We may think of this structure as oppressive. There can be no doubt that the children of immigrants did. In some cases, it seems, even their parents had lingering issues with it. Yet the domus could not be given up. While it and its emphasis on respect were external, its values were internal. No one taught children rispetto; it was so deeply engrained in Italian Harlem that children merely absorbed it like air or water. It was so pervasive, so deeply rooted in people’s minds, that it was nearly impossible to escape.

The Madonna of 115th Street (75-96, 107-129)

The paradox of Italian Harlem continues. Previously, many immigrants expressed no desire to return back to Italy, with the exception of seeing loved ones, but this sentiment changes. While clinging to culture in order to retain the sense of community, comfort, and stability is understandable, Italian Harlem’s rigid adherence to a domus-centric society comes across as counterproductive towards achieving the American dream.

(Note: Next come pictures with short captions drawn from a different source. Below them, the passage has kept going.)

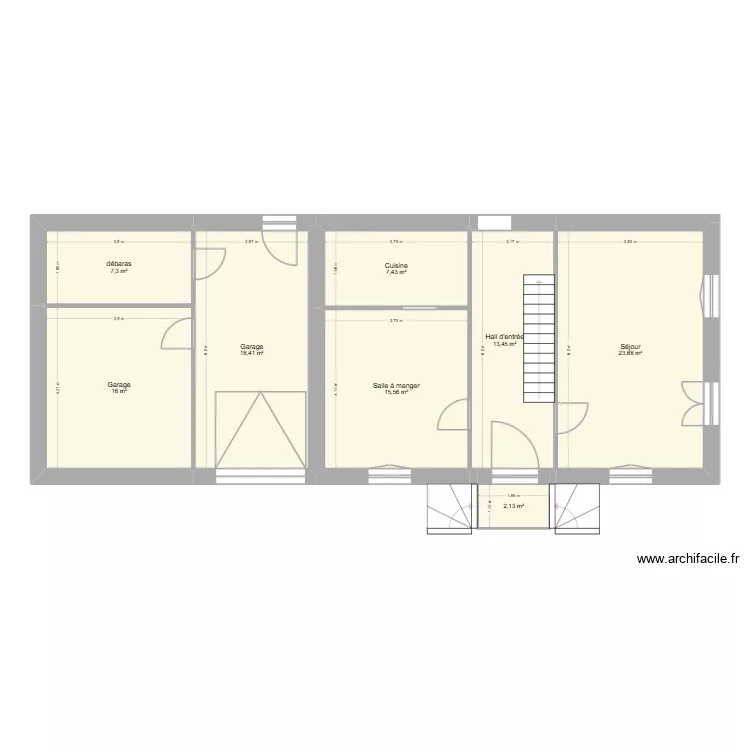 Rez Chapelle. Plan de 8 Pièces et 104 m² Rez Chapelle. Plan de 8 Pièces et 104 m²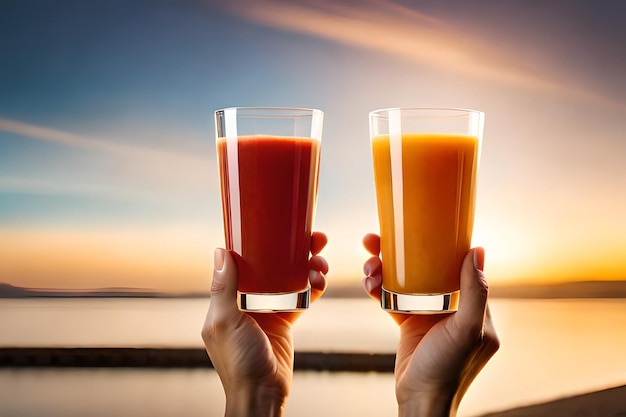 Dois copos de suco de laranja são erguidos em frente ao pôr do sol.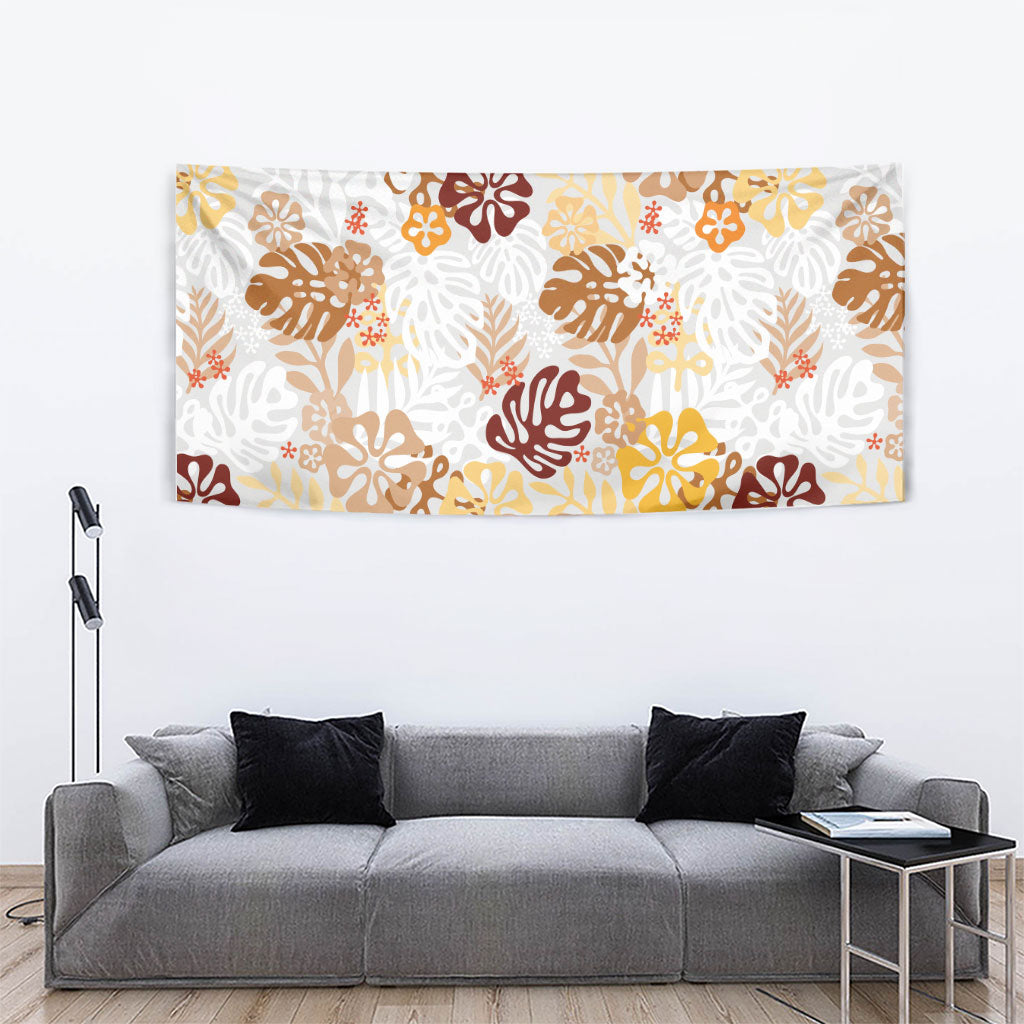Brown Aloha Hawaiian Tapestry Monstera Hibiscus Tropical Pattern LT19 - Polynesian Pride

The rules governing life in the domus seem to directly contradict the ideas of liberation from an oppressive homeland; they are extremely restrictive in nature and demand segregation and complete submission. They not only enforce the idea of segregation but also went so far as to criticize others outside of their ethnic community. Italian Harlem was an isolated region of old-fashioned Italy itself, where Italians married other Italians, to produce and raise more Italians, who only adhered to ‘Italian’ domus-centered lifestyles. Immigrants who left to pursue a life in America simultaneously condemned what they considered the “American way” and feared their children will grow up to be American. One man expressed that although his children did “’things in the Italian manner,’ [he was still] afraid that they were ‘thoroughly American’.” This is a catch-22 for the younger generations, because they, having grown up in America, would never be able to meet the high standards of maintaining pure Italian values.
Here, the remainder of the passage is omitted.